MG: What is the status of Transylvania’s endowment, and what does Transy use endowment funds for?

SC: We’re at about $170 million, maybe $165 million. We’re fortunate to have savvy board members taking care of that. Some of it’s used to help annual operations, but some of it’s dedicated to supporting faculty teaching, faculty research, faculty-student combined research. Some of it’s used to support diversity initiatives. Some of it’s earmarked for those types of initiatives.

MG: Does Transylvania offer distance learning options?

SC: No, we do not have online classes. We are really interested in technology and digital learning and the ways in which the humanities and the liberal arts in general are going to be enhanced by digital practices and digital innovation; that’s something we want to integrate into the curriculum. But that’s not the same thing as delivering an online course. Enhancements might morph into some online interactions and courses, but I don’t see us doing much distance learning because what’s really unique about us is the community aspect of learning.

MG: What impact has the digital information revolution of the past few decades had on your operations?

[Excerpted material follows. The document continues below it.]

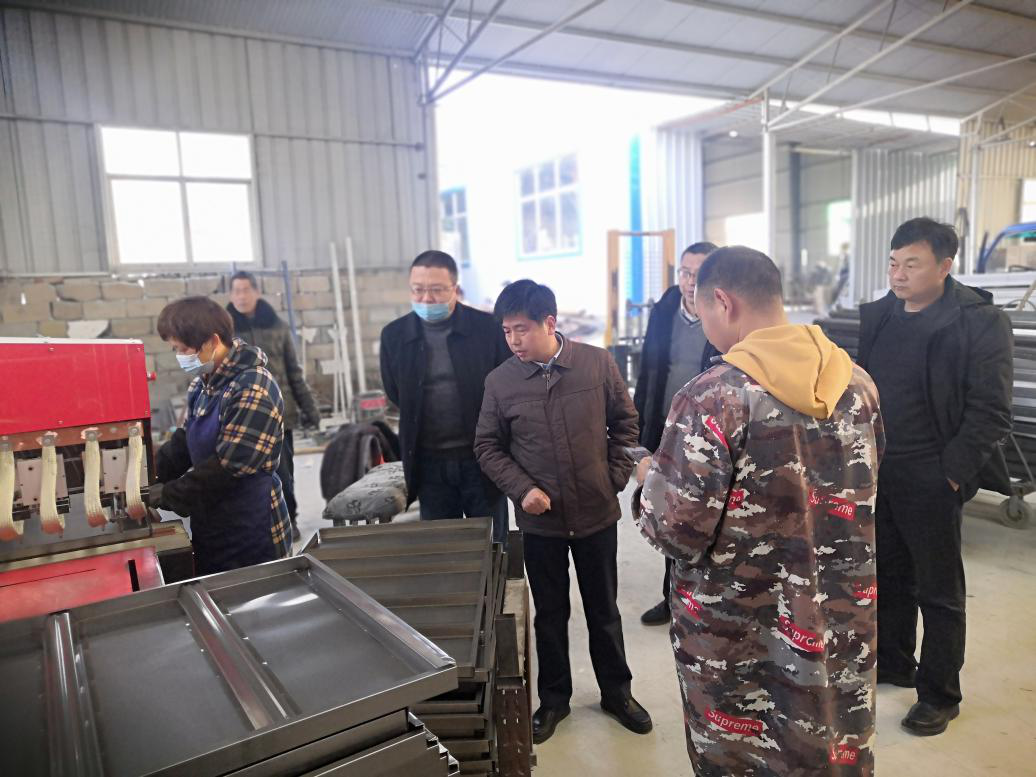 社旗县委副书记徐文凯到朱集镇调研货架产业园项目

SC: We’re about to invest in software that will help our backroom operations gain incredible efficiencies. We can streamline admissions processes, which will work in conjunction with the registrar’s office, which will work in conjunction with financial aid; things like a campus calendar to schedule events on campus. All those need to be streamlined. Technology can really help us there. Down the road, there might be ways to find efficiencies with other institutions, for example, using technology across campuses. Not necessarily with courses, per se, but for operations things.

MG: Do you anticipate significant changes near-term in the college experience at Transylvania or will it maintain its traditional structure?

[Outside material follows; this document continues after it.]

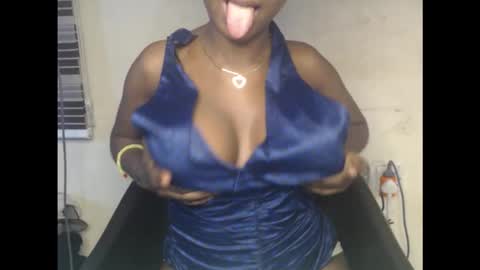 Snapshot of kinkyjuicexx chatting on September 30, 2025, 9:31 pm kinkyjuicexx online show from September 30, 2025, 9:31 pm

SC: We’re going to maintain what’s really strong and traditional: community, close interaction, close relationships amongst students and between students and faculty and staff. But we’re also going to innovate. Any responsible educational institution today has to make sure students are well-versed to deal with things they’re going to encounter when they get out of school. So while we still want students to be really powerfully strong in history and literature and all the traditional disciplines, we want them to be able to do that in a way that matters and makes them easily able to participate in society and the economy when they get out of here.

We’re still going to read Plato and Aristotle and Augustine and Shakespeare. Our students are going to master those texts. But there are things that they can do, with technology for example, to look at those texts in different ways. There are multidimensional things we can do in this really strong, deep, liberal arts curriculum in a way that those students also develop the skills to do anything they want when they get out.

MG: How would you characterize Transylvania’s relationship with the city government?

SC: It’s really good. We don’t have a formal channel of communication, but we interact. The mayor and I have a really good relationship. He’s delivering our commencement address this year, actually, in May. We do a lot of outreach for the local community, especially elementary-school kids here in the community.

While we really work hard at supporting the community, it’s important for people to recognize that we’re in a challenging environment, and we would benefit from the support of the community as well as times. What I mean is, you can’t take a place like Transylvania for granted. If you look at what’s happening in higher education, some of the analytics and projections of schools our size are not good.

MG: Is it a competitive economic advantage for Transylvania to be in Lexington, Ky., rather than the Northeast, which has a higher cost of living and operation expenses?

SC: Absolutely, and that’s one of the reasons why we’re able to offer it at a lower price. Compare housing, for instance. If you work at Transylvania, you can afford housing in really nice places as compared to working at the same job in the Northeast where you just can’t do it. The wages aren’t actually that different. People can do well here because of the cost of living.